Indagini su una struttura in Italia che opera nella Rete per reclutare adepti al Califfato

Isis, cellula web per convertire giovani italiani

Esiste un preciso piano per avvicinare e avvelenare le menti dei bambini e degli adolescenti italiani. Irretendoli, plagiandoli, convincendoli a convertirsi all'Islam. Ne fanno parte diversi soggetti disseminati in Europa. Le forze dell'ordine e i servizi segreti italiani sono riusciti a creare una mappa e un'organigramma della struttura che opera nel nostro Paese.

Una inchiesta top-secret che sta dando i primi risultati ma che continuerà ancora per molto tempo. Il «ricambio» dei formatori e degli educatori che inneggiano ad Allah è in continua evoluzione, e un dato non è mai definitivo.

Alle nostre latitudini opera una «cellula» di cui fanno parte sei persone. Quattro uomini e due donne.
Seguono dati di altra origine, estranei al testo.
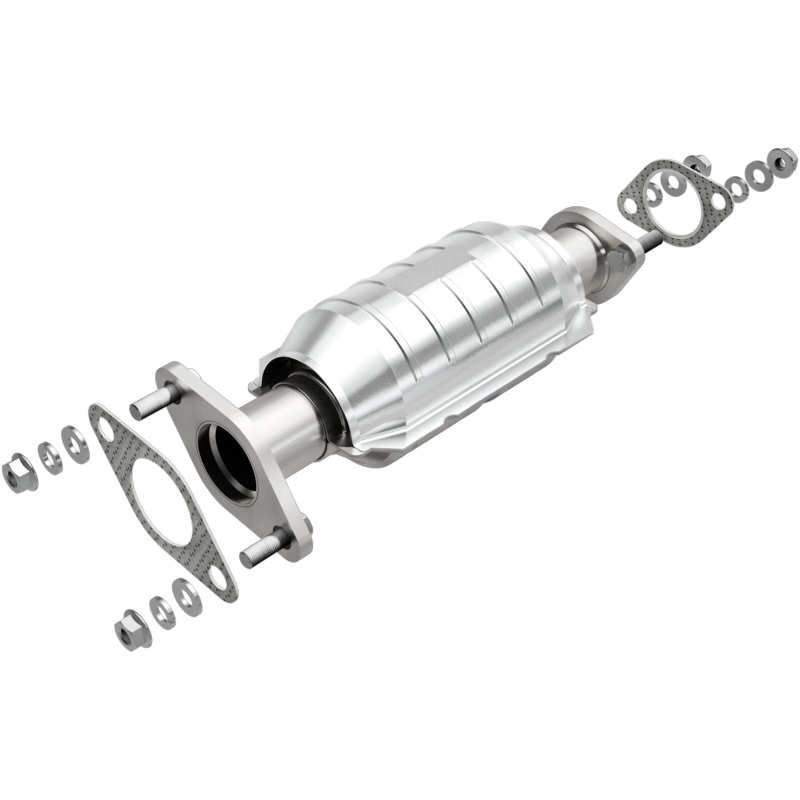 MagnaFlow Direct Fit Catalytic Converter 01-03 Rio 1.5/1.6 Rear thumbnail 2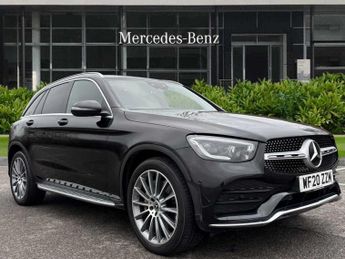 Mercedes GLC AMG Line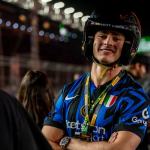 Inter on the Las Vegas GP with Pirelli Inter on the Las Vegas GP with Pirelli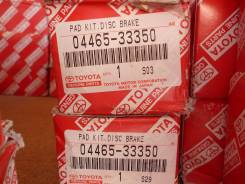 Колодки тормозные. Toyota Camry, ACV30, ACV30L, MCV30, MCV30L, MCV31 Двигатели: 1MZFE, 2AZFE, 3MZFE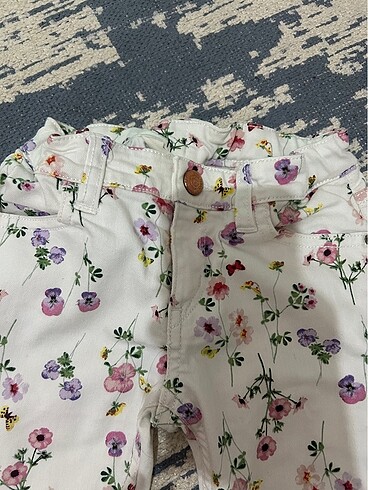 5 Yaş Beden Pantolon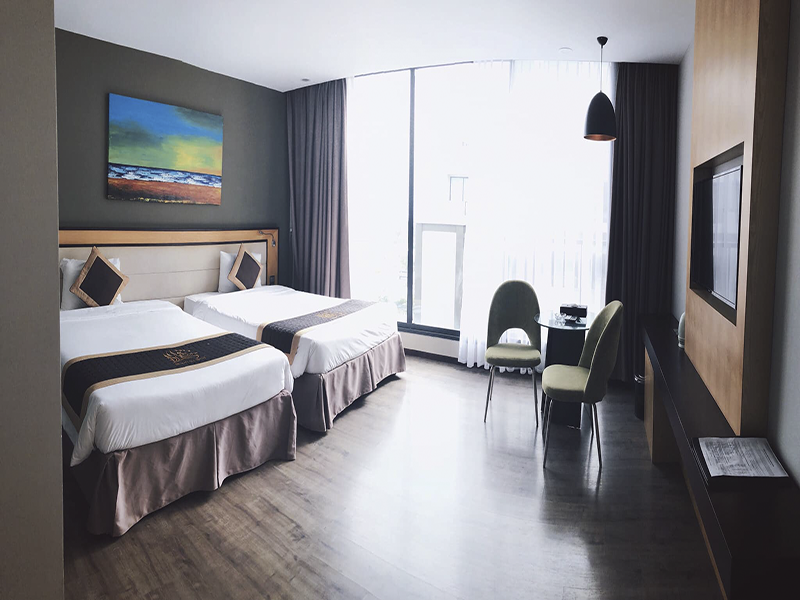 Khách sạn Flamingo Đại Hải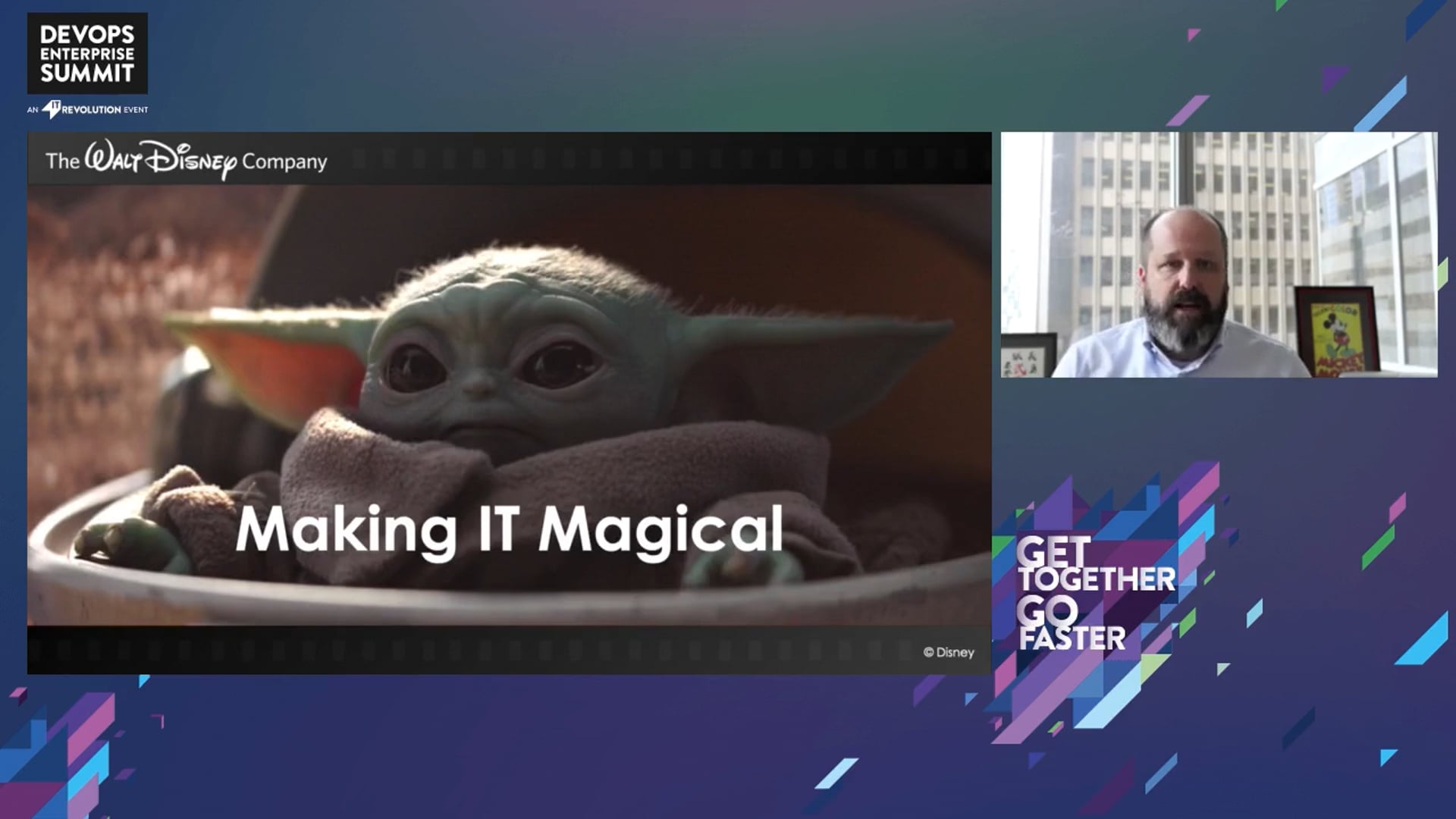 Disney Global SRE — Creating Digital Magic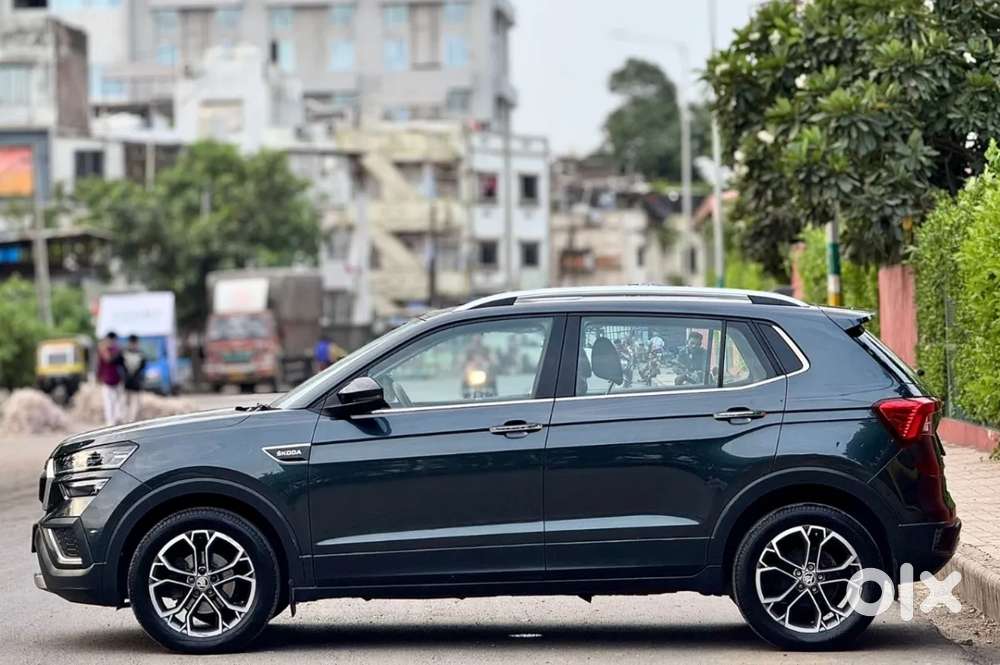 Skoda Kushaq Style 1.0l Tsi Mt, 2023, Petrol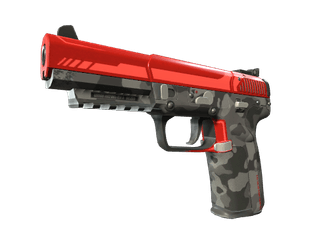 Five-SeveN - Городская опасность - 160x114
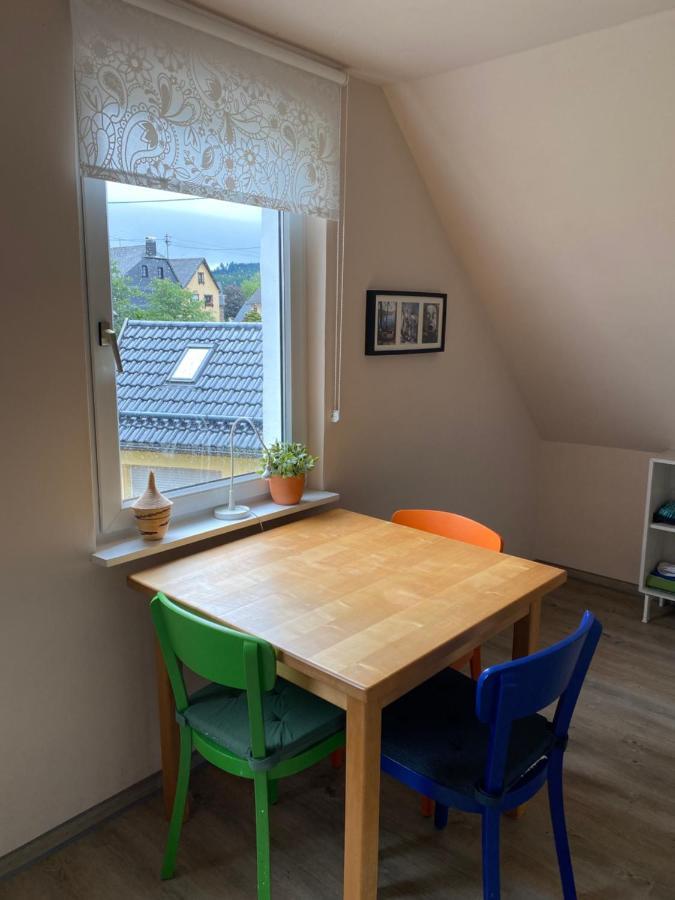 Gaestehaus Villaverde Kelberg Eksteriør billede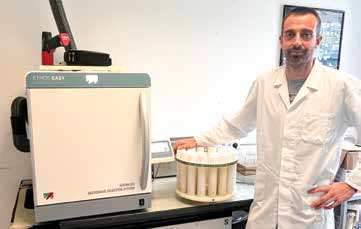 Enhancing environmental testing through ETHOS EASY laboratory flexibility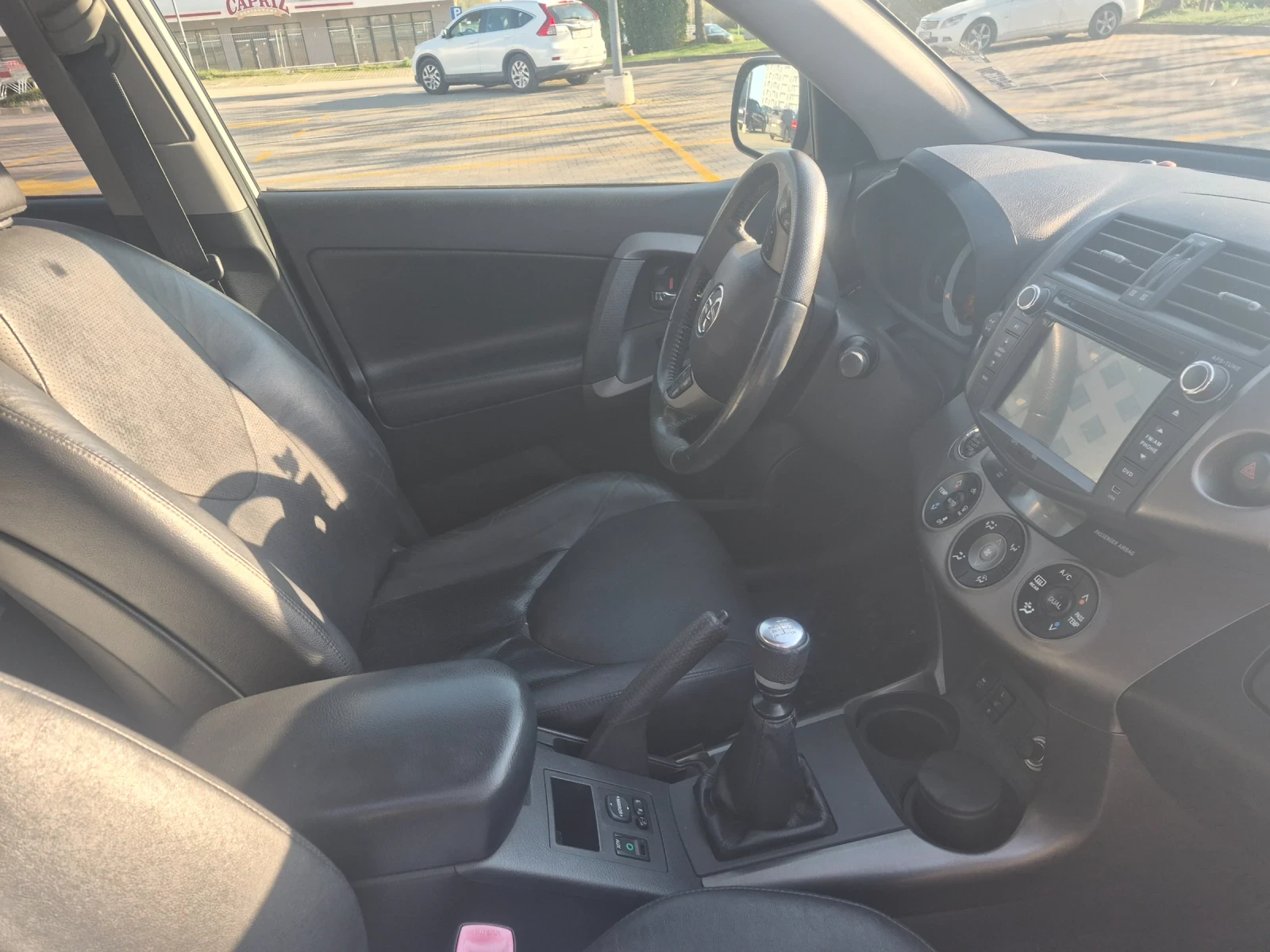 Toyota Rav4 Rav4, снимка 3 - Автомобили и джипове - 54318072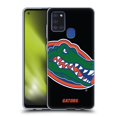 thumbnail image 1 of Head Case Designs Officially Licensed University Of Florida UF University Of Florida Oversized Icon Soft Gel Case Compatible with Samsung Galaxy A21s (2020), 1 of 7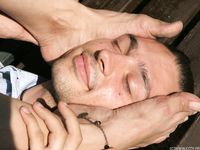 Feet - Olesya - 2013-01-13 Playful barefoot redhead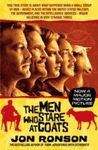 MEN WHO STARE AT GOATS (FILM TIE IN)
Sono attivi esclusivamente sul web, non fanno proselitismo di strada né lavorano nelle moschee. Si spostano però velocemente a cavallo dei byte, come uccelli che zigzagano in cielo, per evitare le «trappole» che gli investigatori hanno disseminato nella Rete. Per lo più, i sei usano nickname di fantasia o i nomi arabi di copertura. Uno dei loro territori di caccia più ricchi sono i social network e, in particolare, Facebook. Grazie a forum virtuali, pagine fan e gruppi chiusi, a cui si accede solo tramite invito o presentazione, possono muoversi in (discreta) libertà.

Alcuni abitano in Puglia, a Bergamo, a Roma. Due sono di origine tunisina ma si sono trasferiti in Italia da anni. Risiedono a Bologna e a Bolzano. Un altro, invece, è un tedesco di radici siciliane (originario di Trapani) che fa parte di un più ampio programma dell'«Internazionale islamista» - ribattezzato Lies, per combattere le bugie degli infedeli che dalla Germania si sta espandendo nel resto dell'Europa centrale per portare il Corano nelle scuole e nelle case.

Pur non mostrando esplicitamente connessioni a movimenti violenti o rapporti diretti con la macchina della propaganda dello Stato Islamico, i sei reclutatori si caratterizzano per una violentissima attività anti occidentale e soprattutto anti ebraica. I loro obiettivi principali sono gli odiati sciiti e quanti commentano, condividono o sostengono le posizioni più apertamente filo-Usa.

I loro nomi sono emersi nell'ambito delle ricerche attivate dopo la sospetta conversione di Karim Abdul, il 14enne napoletano che ha improvvisamente deciso di abbracciare il Verbo di Maometto. Il ragazzino è stato ghermito sul web è la convinzione degli inquirenti e assoggettato, con un lavoro psicologico durato settimane o forse addirittura mesi, a una nuova visione della fede religiosa e della vita. Karim Abdul continua a vivere con i genitori, una tranquilla coppia, nella provincia vesuviana ma ha cambiato completamente la sua esistenza, e anche al liceo si firma con la nuova identità araba. Segue rigidamente i precetti della Dottrina. Non vuole commettere errori che pregiudichino il suo Cammino.